I was pondering one of those confusing moments of indecision that the modern world has foisted on us. I was in the kitchen having just blown my nose and I honestly had no idea what the advice is between swing-bin and recycling. I chose recycling then suffered the disturbing image of a Chinese child on crust removal duty, so fished it out and gave it to the swing-bin. I went back to my TV then suddenly it occurred to me that paper isn’t kept and ironed out to be re-used, it’s simply chucked into a huge hopper and pulped down for future products. Here’s me contributing to the destruction of the rain-forests out of my pure ignorance. I went back to the kitchen and fished it out of the rubbish and gave it to the recycling bin, but then back at my rolling news TV show, I suddenly imagined your cereal box with a tiny bit of me embossed within the… you get the picture. Swing- bin was the final decision.

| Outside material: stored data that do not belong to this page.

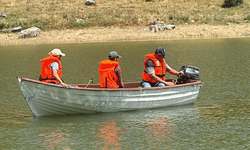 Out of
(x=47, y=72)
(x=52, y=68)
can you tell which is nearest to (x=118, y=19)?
(x=47, y=72)

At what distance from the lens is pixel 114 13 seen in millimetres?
59750

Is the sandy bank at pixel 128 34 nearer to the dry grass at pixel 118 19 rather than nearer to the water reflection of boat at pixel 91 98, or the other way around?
the dry grass at pixel 118 19

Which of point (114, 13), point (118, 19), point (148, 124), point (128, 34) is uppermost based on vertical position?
point (148, 124)

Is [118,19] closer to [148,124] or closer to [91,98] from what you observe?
[91,98]

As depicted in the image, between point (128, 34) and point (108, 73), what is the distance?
1424 inches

Back to the rolling news and I realised where I got the image of the Chinese child. The story was of our TVs being sent to the developing world where they’re scrapped by scavenging hordes of poor people who have no sense of health and safety norms. We’re now told that our discarded electronic goods are poisoning the developing world, but the developing world needs some kind of jobs. Is starvation a lesser form of evil?

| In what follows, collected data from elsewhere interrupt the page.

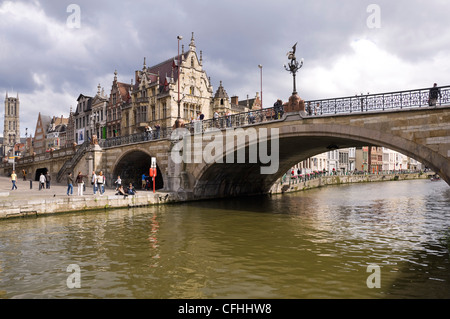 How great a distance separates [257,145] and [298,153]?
5.87 metres

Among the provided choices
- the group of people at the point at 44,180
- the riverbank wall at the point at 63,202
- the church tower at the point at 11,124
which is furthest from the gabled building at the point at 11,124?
the riverbank wall at the point at 63,202

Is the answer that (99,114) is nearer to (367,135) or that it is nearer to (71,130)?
(71,130)

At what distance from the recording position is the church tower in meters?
114

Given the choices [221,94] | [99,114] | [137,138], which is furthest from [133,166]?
[99,114]

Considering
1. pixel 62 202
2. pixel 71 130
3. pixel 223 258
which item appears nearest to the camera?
pixel 223 258

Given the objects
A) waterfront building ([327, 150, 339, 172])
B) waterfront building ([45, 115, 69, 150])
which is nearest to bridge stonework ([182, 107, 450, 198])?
waterfront building ([327, 150, 339, 172])

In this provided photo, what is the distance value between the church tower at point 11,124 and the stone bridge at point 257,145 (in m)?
90.2

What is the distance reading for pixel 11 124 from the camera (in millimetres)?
117125

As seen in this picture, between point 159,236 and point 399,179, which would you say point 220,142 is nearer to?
point 159,236

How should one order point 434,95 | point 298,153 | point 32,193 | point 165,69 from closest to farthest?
point 434,95 → point 32,193 → point 298,153 → point 165,69

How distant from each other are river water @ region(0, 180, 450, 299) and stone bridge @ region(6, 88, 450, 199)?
4.05m

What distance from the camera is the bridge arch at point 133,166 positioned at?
101ft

Development economists tell us that the reason shanty towns exist is because there is only enough work in the city for a third of the people who arrive, but far from irrationality, the young will still leave the rural subsistence of their parents in the hope of being the one-in-three who succeeds. When we see TV pictures of young people scavenging for pennies worth of scrap copper by melting wires and circuit boards, they are the ones who plan on being the one-in-three. They say we’re poisoning them, but perhaps their priority is food in their stomach and the possibility of a future opportunity in something better. Should we impose our priorities on them?
So does this mean that their lives are cheaper than ours? I did an immigration case earlier today; an African man in his twenties. He’d been caught bang to rights with false documents. When I told him he’d been caught because he’d registered with a GP he nodded to me and I knew. He wasn’t an economic migrant; he was here because he didn’t want to die. He was sent home, back to Africa, back to his fate. Life is cheap if you’re not from the west.
Oh, well. Unlucky for some, ay? I still don’t know whether it should have been the recycle or the swing-bin. I sometimes wonder if people in the developing world realise just how much we have to worry about here in the west.